One of the major goals of San Antonio’s SA2020 vision is that, within five years, the city will be recognized as a business leader in these 21st century industries.
According to Camacho, the chamber has no estimates of what hosting an SA Works intern costs internally for a company, but currently it will cost employers nothing to partner with San Antonio Works. Joeris General Contractors joined as a partner on Monday.
“(Partners) receive the staff resources that we will provide in assisting them find students and teachers who can benefit from learning about their company and trade,” said Camacho.
Local company Holt Cat, for example, allows teachers to partake in its weeklong employee training programs. Once completed, the teachers may take the curriculum taught to them and use that within their classrooms, Camacho said. On a yearly basis Holt Cat has 35 to 45 participating teachers.
Rackspace currently has 50 to 60 college interns who work annually within its company, and 14 to 20 students participating in a two-year program.
“Toyota also provides through its Advanced Manufacturing Technician program apprentice-style opportunities wherein the students work for three days and attend school at one of the Alamo Colleges for two, allowing them to receive on-the-job training while obtaining the credentials needed to obtain permanent employment within Toyota,” Camacho said.
Camacho said the chamber and San Antonio Works will do what it can to expand and create programs for any identified career field gaps around the city. Developing collaborative efforts with existing job placement groups and non-traditional academic programs will be crucial, according to Camacho. She cited local programs such as Codeup, a professional school for computer programming, Rackspace’s Open Cloud Academy, and Project Quest as critical in this regard.
“Additionally, we see great potential in working with other community based organizations like the San Antonio Education Partnership, P-16 Plus of Bexar County and the Boys and Girls Club San Antonio as they currently have great programming working with students and families and we want to expand upon those efforts and assist in having more businesses connected to them in the future,” she said.
Camacho added that P-16 Plus currently serves as the hub for data the coalition will need to ensure accountability for itself and the partners it will work with on the education and workforce sides.
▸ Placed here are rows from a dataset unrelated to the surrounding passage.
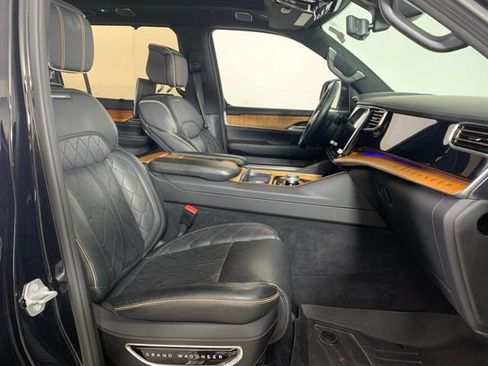 Used 2022 Jeep Grand Wagoneer Series III w/ Rear Seat Video Group 1 AWD/4WD image 25
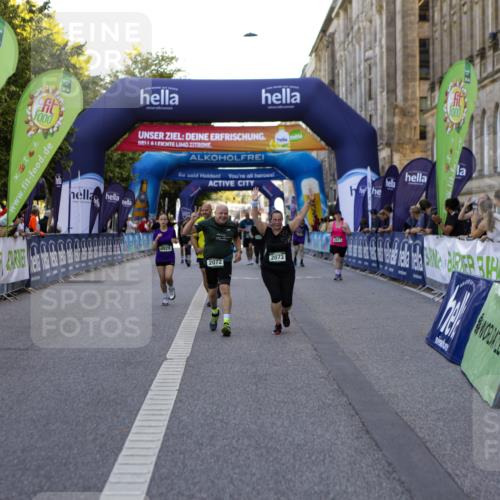 01.09.2024 - BARMER Alsterlauf Kathrin Stürmer Photography http://msf.ph/oto/6972490 01.09.2024 10:23:02 Ziel 3963, 4170, 2072, 2073, 2811, 3261, 3395, 4239, 4632, 4651, 4927, 4928, 5036 meine-sportfotos.de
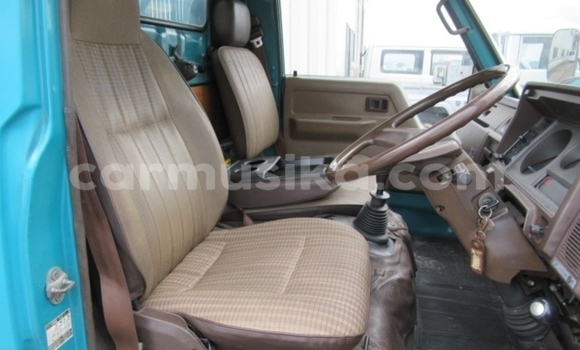 Nunua Ilio tumika Toyota Dyna Bluu Lori ndani ya Beitbridge nchini Matabeleland Kusini Nunua Ilio tumika Toyota Dyna Bluu Lori ndani ya Beitbridge nchini Matabeleland Kusini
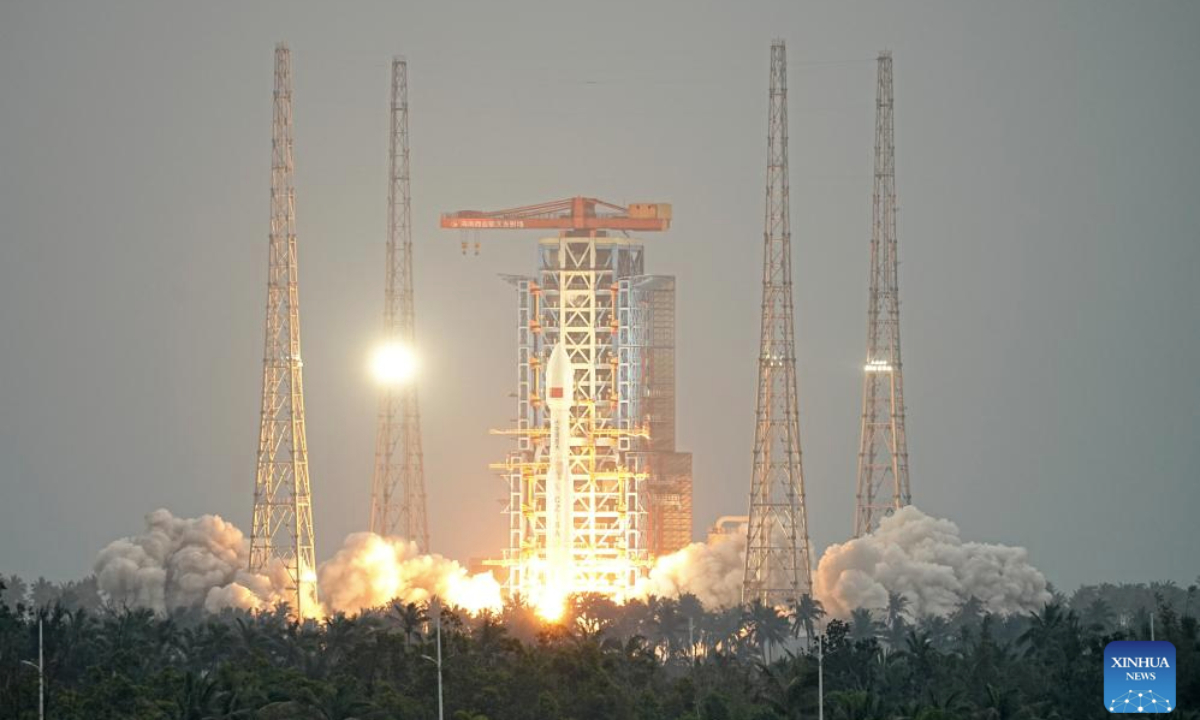 A Long March-8A carrier rocket carrying a group of internet satellites blasts off from the Hainan commercial spacecraft launch site in south China's Hainan Province, Dec. 26, 2025. (Photo by Liu Jianqiu/Xinhua)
In addition to working with schools, the coalition and the chamber will work with local nonprofit organizations to enhance and expand existing programs that offer student internships, apprenticeships, mentorships and teacher and counselor externships.
“One that we are working to partner with is United Way and their current work in the Eastside of San Antonio,” Camacho said. “They have identified workforce development as a critical area of need for students and families in that particular part of town and have set aside funding to help fund student internships for students in the area with businesses also in the Eastside footprint.”
Mayor Ivy Taylor said San Antonio Works could help San Antonians to diversify their skills an increasingly competitive global marketplace.
“Because the world economy is more competitive than ever, San Antonio needs a well-trained workforce to maintain our strong economic growth,” she said. “San Antonio Works provides a platform for us to work together as one San Antonio – school districts, civic organizations and businesses – to create a pathway to 21st century jobs for today’s students. At my request, the City of San Antonio is proudly participating as a founding employer partner.”